Task statement: Except for the pictures, output the records in full and exactly.

Brief descriptive captions:
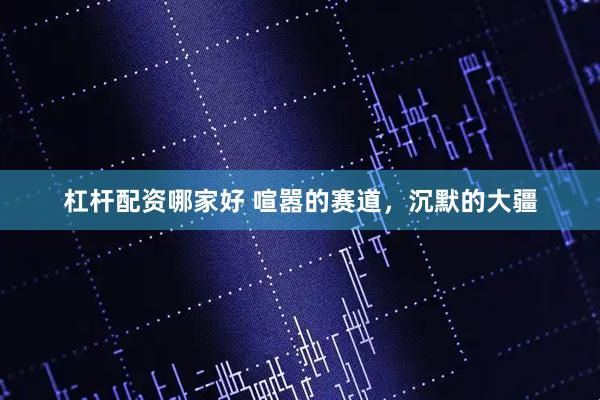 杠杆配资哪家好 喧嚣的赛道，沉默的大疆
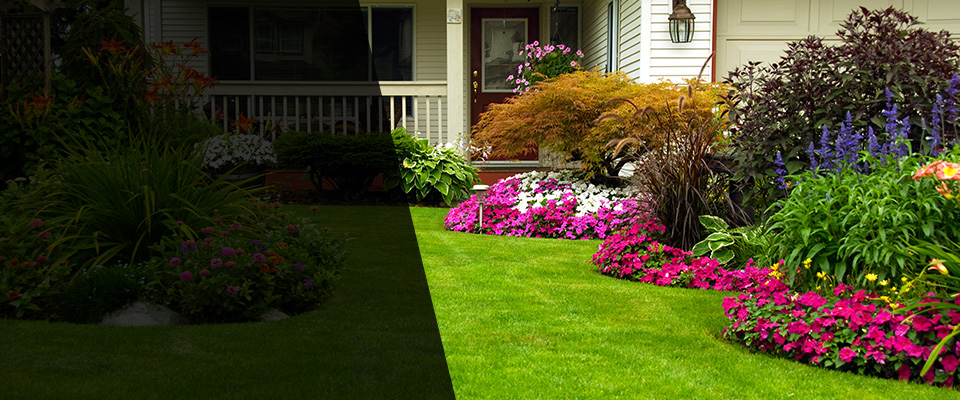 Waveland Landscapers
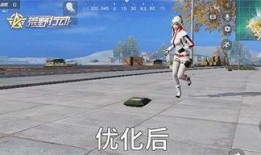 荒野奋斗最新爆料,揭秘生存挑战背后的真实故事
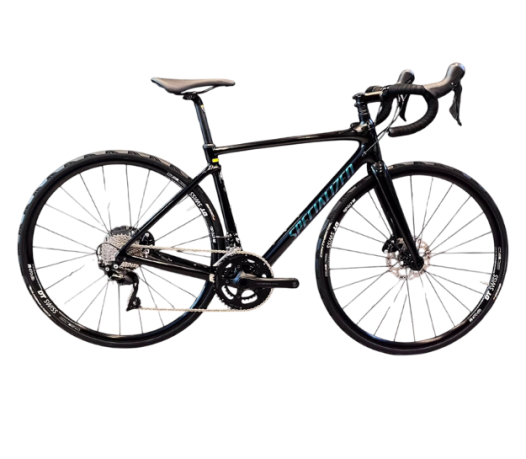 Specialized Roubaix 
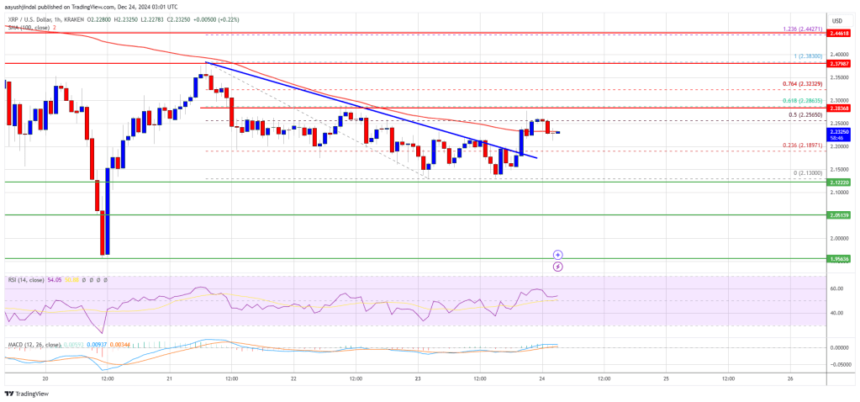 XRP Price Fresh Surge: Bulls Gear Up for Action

Output for this task:
 杠杆配资哪家好 喧嚣的赛道，沉默的大疆
 Waveland Landscapers
 荒野奋斗最新爆料,揭秘生存挑战背后的真实故事
 Specialized Roubaix 
 XRP Price Fresh Surge: Bulls Gear Up for Action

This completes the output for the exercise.